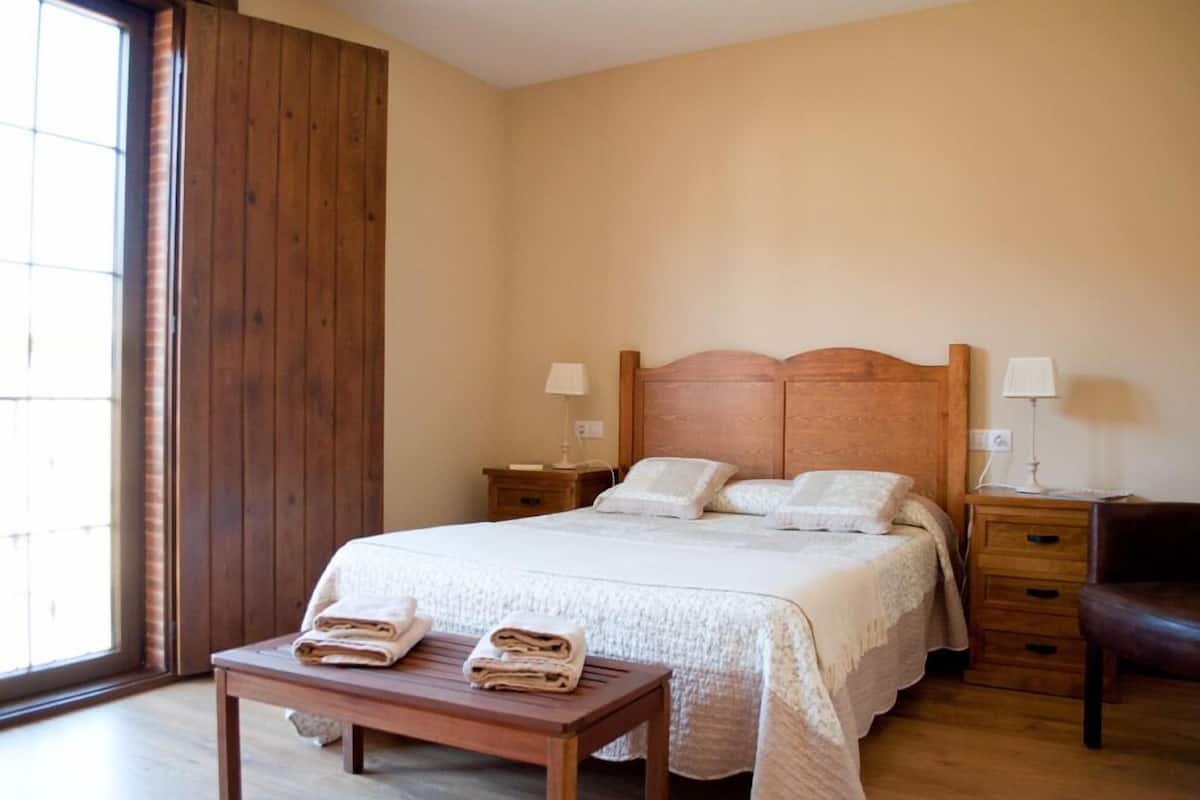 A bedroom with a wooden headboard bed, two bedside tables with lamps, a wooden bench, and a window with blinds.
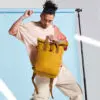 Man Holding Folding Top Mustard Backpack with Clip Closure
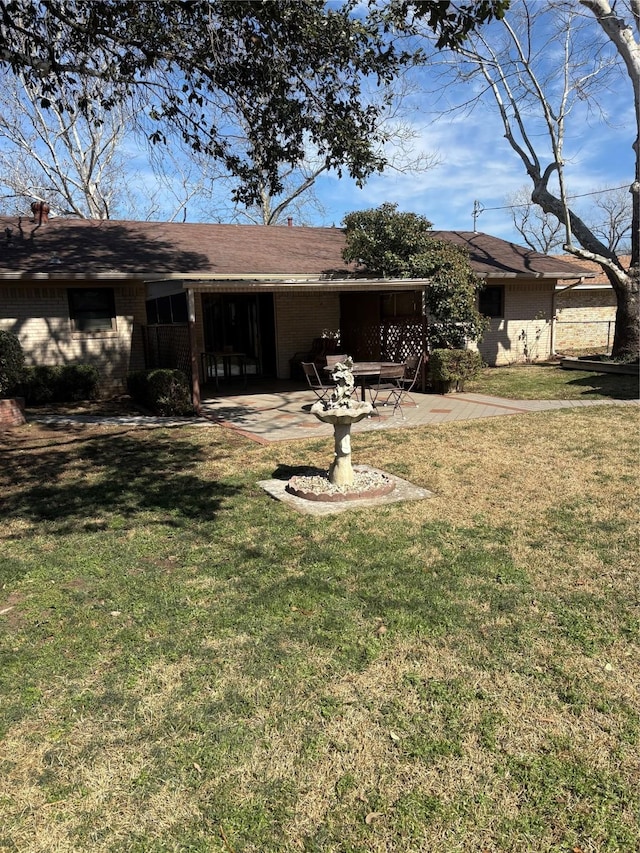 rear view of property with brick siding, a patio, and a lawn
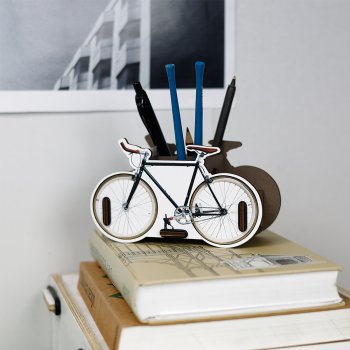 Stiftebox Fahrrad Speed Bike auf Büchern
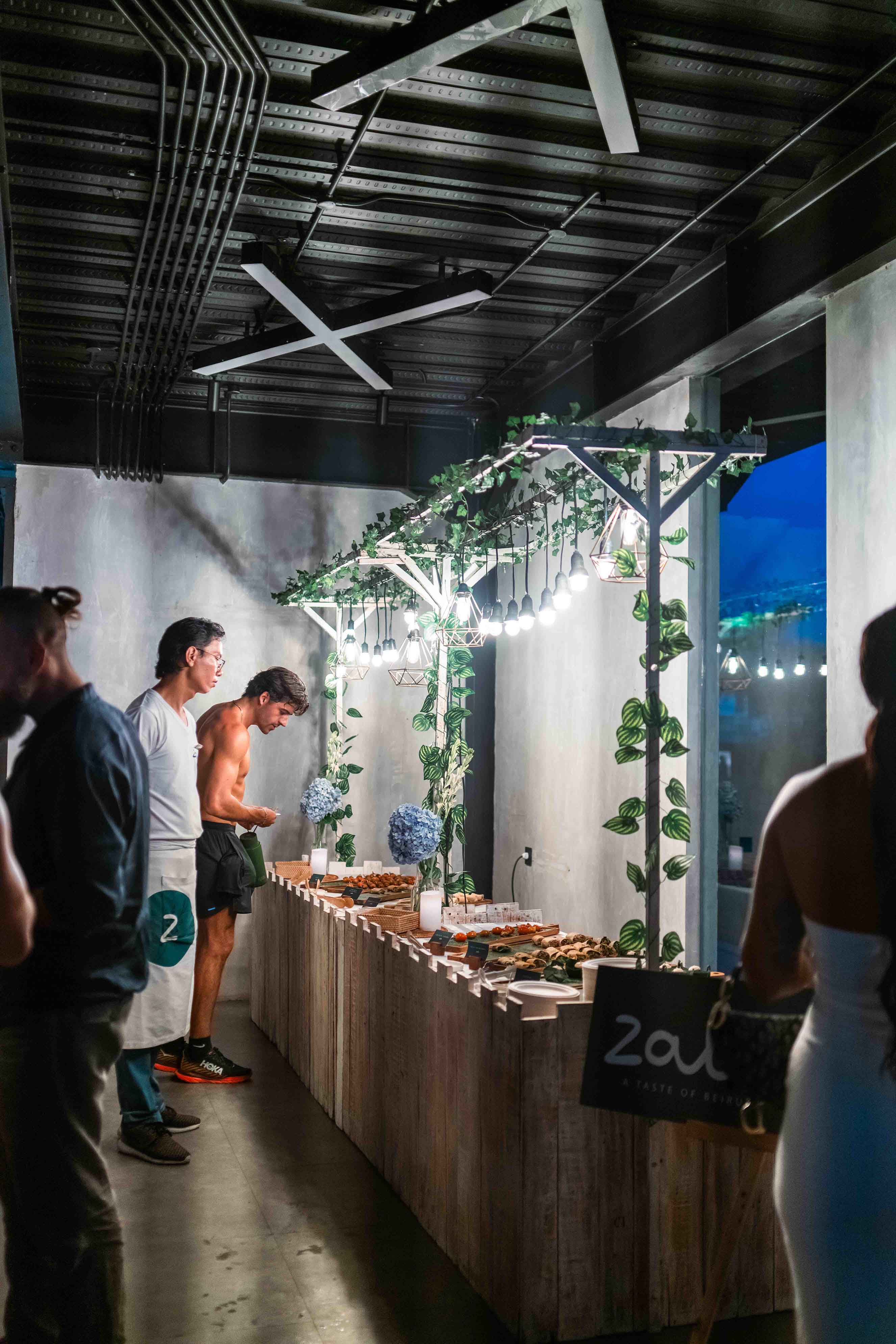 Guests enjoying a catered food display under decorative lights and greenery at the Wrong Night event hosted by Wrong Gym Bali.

******

* What this task involves
Exactly and only the lines from the one holding "Stiftebox Fahrrad Speed Bike auf Büchern" through the final line of the material must be returned, both ends included, without any pictures.

* Solution to this problem
 Stiftebox Fahrrad Speed Bike auf Büchern
 Guests enjoying a catered food display under decorative lights and greenery at the Wrong Night event hosted by Wrong Gym Bali.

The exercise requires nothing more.